Exercise aim: Where a record contains an image, leave the image out and print the rest exactly.

※

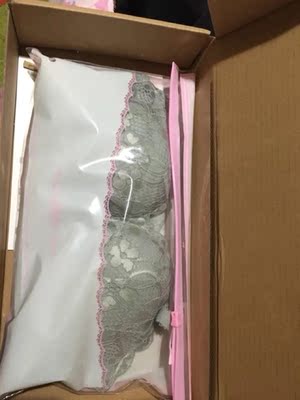 包装很不错的,衣衣真的穿着很舒服,很性感哦,不紧绷,很适合现在穿 包装很不错的,衣衣真的穿着很舒服,很性感哦,不紧绷,很适合现在穿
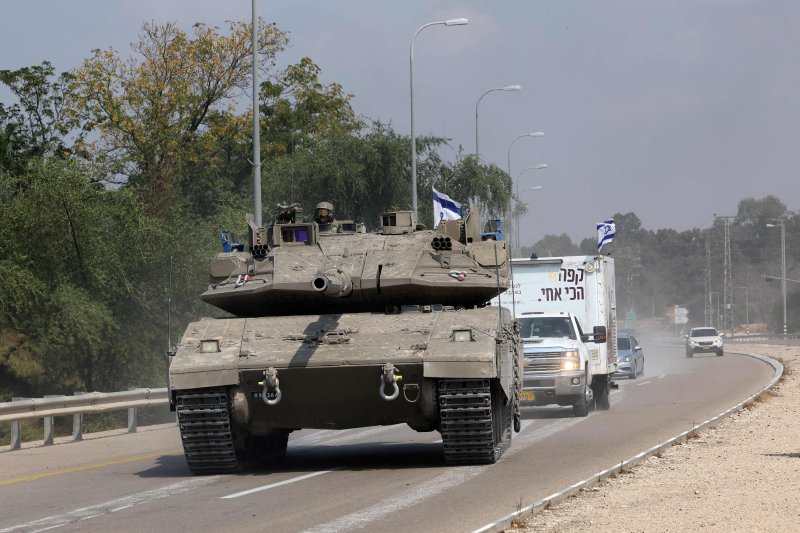 8일(현지시간) 이스라엘 남부 스데로트에서 이스라엘군 전차가 이동하고 있다.AFP연합뉴스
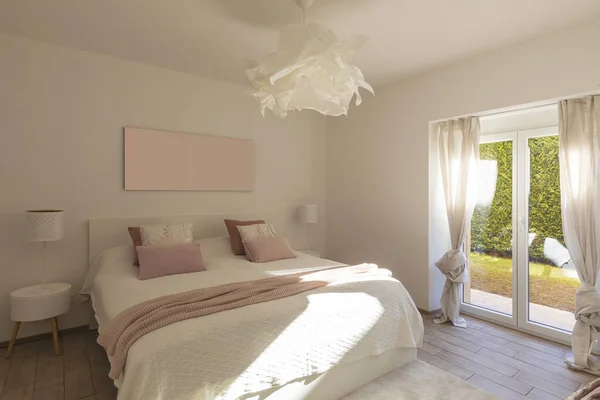Modernes Helles Und Luxuriöses Schlafzimmer Design Appartement Oben Frische Bettwäsche — Stockfoto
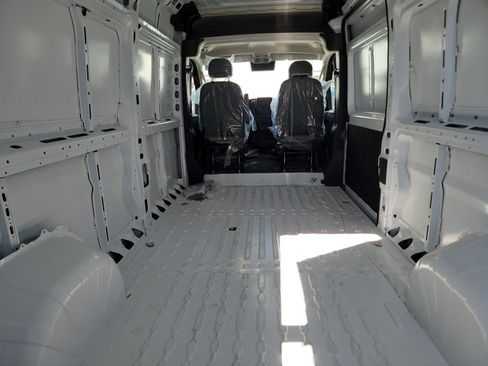 Used 2025 RAM ProMaster 3500 w/ Convenience Group image 10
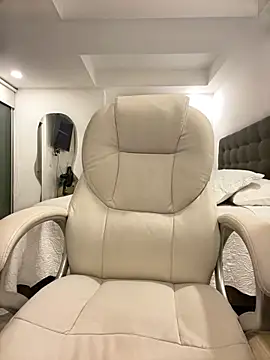 sofiaxox online show from February 2026 11:48:01 PM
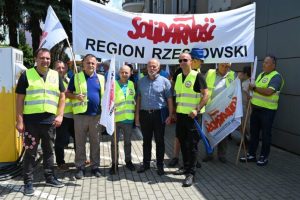 Pracownicy PGE Dystrybucja Rzeszów do zwolnienia. „Solidarność” protestuje i grozi strajkiem [ZDJĘCIA]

※

Result:
 包装很不错的,衣衣真的穿着很舒服,很性感哦,不紧绷,很适合现在穿 包装很不错的,衣衣真的穿着很舒服,很性感哦,不紧绷,很适合现在穿
 8일(현지시간) 이스라엘 남부 스데로트에서 이스라엘군 전차가 이동하고 있다.AFP연합뉴스
Modernes Helles Und Luxuriöses Schlafzimmer Design Appartement Oben Frische Bettwäsche — Stockfoto
 Used 2025 RAM ProMaster 3500 w/ Convenience Group image 10
 sofiaxox online show from February 2026 11:48:01 PM
 Pracownicy PGE Dystrybucja Rzeszów do zwolnienia. „Solidarność” protestuje i grozi strajkiem [ZDJĘCIA]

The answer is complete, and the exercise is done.